The JSON Pointer specification is simpler, indexing a single object in the document. JSON arrays are 0-based.

j_query(json, "/locations/0/state")
## [1] "WA"

The examples above use j_query(), which automatically infers query specification from the form of path using j_path_type(). It may be useful to indicate query specification more explicitly using jsonpointer(), jsonpath(), or jmespath(); examples illustrating features available for each query specification are on the help pages ?jsonpointer, ?jsonpath, and ?jmespath.

Array-of-objects to R data.frame

The following transforms a nested JSON document into a format that can be incorporated directly in R as a data.frame.

path <- '{
    name: locations[].name,
    state: locations[].state
}'
j_query(json, path, as = "R") |>
    data.frame()
##       name state
## 1  Seattle    WA
## 2 New York    NY
## 3 Bellevue    WA
## 4  Olympia    WA

The transformation from JSON ‘array-of-objects’ to ‘object-of-arrays’ suitable for direct representation as a data.frame is common, and is implemented directly as j_pivot()

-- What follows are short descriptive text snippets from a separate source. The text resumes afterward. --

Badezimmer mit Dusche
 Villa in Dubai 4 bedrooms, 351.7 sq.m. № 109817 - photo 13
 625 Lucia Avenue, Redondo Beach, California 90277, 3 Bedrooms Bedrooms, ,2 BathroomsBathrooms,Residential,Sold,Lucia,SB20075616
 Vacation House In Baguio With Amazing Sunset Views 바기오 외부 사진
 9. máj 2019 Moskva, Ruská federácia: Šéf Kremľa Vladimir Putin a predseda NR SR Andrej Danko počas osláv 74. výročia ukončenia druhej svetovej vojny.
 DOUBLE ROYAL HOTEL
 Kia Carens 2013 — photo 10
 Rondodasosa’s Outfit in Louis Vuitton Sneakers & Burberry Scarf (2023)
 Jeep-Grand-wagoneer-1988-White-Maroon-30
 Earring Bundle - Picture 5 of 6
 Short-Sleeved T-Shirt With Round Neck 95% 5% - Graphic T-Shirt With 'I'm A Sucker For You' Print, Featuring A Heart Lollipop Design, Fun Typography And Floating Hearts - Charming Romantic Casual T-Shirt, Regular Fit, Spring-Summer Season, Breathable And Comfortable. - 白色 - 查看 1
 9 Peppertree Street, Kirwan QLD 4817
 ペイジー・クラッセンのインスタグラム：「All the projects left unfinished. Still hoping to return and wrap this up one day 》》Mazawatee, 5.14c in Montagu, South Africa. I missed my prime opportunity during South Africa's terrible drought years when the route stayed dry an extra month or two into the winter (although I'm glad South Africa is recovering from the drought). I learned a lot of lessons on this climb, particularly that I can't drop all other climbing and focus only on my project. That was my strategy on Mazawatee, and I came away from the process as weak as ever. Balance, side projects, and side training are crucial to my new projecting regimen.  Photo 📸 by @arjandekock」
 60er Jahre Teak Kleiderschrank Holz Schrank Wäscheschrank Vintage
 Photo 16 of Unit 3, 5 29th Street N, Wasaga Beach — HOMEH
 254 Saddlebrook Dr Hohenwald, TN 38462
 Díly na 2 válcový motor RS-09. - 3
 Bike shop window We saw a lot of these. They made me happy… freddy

j_pivot(json, "locations", as = "data.frame")
##       name state
## 1  Seattle    WA
## 2 New York    NY
## 3 Bellevue    WA
## 4  Olympia    WA

R objects as input

rjsoncons can filter and transform R objects. These are converted to JSON using jsonlite::toJSON() before queries are made; toJSON() arguments like auto_unbox = TRUE can be added to the function call.

## `lst` is an *R* list
lst <- jsonlite::fromJSON(json, simplifyVector = FALSE)
j_query(lst, "locations[?state == 'WA'].name | sort(@)", auto_unbox = TRUE) |>
    cat("\n")
## ["Bellevue","Olympia","Seattle"]

NDJSON support

rjsoncons supports ‘NDJSON’(new-line delimited JSON). NDJSON consists of a file or character vector where each line / element represents a JSON record.

j_query() provides a one-to-one mapping of NDJSON lines / elements to the return value, e.g., j_query(ndjson_file, "@", as = "string") on an NDJSON file with 1000 lines will return a character vector of 1000 elements, or with j_query(ndjson, "@", as = "R") an R list with length 1000.

ndjson_file <- system.file(package = "rjsoncons", "extdata", "example.ndjson")
j_query(ndjson_file, "{state: state, name: name}")
## [1] "{\"state\":\"WA\",\"name\":\"Seattle\"}" 
## [2] "{\"state\":\"NY\",\"name\":\"New York\"}"
## [3] "{\"state\":\"WA\",\"name\":\"Bellevue\"}"
## [4] "{\"state\":\"WA\",\"name\":\"Olympia\"}"

NDJSON files can be large, and are easy to iterate through. The queries are therefore processed in ‘chunks’, and a finite number of records can be processed

j_query(ndjson_file, "{state: state, name: name}", n_records = 2)
## [1] "{\"state\":\"WA\",\"name\":\"Seattle\"}" 
## [2] "{\"state\":\"NY\",\"name\":\"New York\"}"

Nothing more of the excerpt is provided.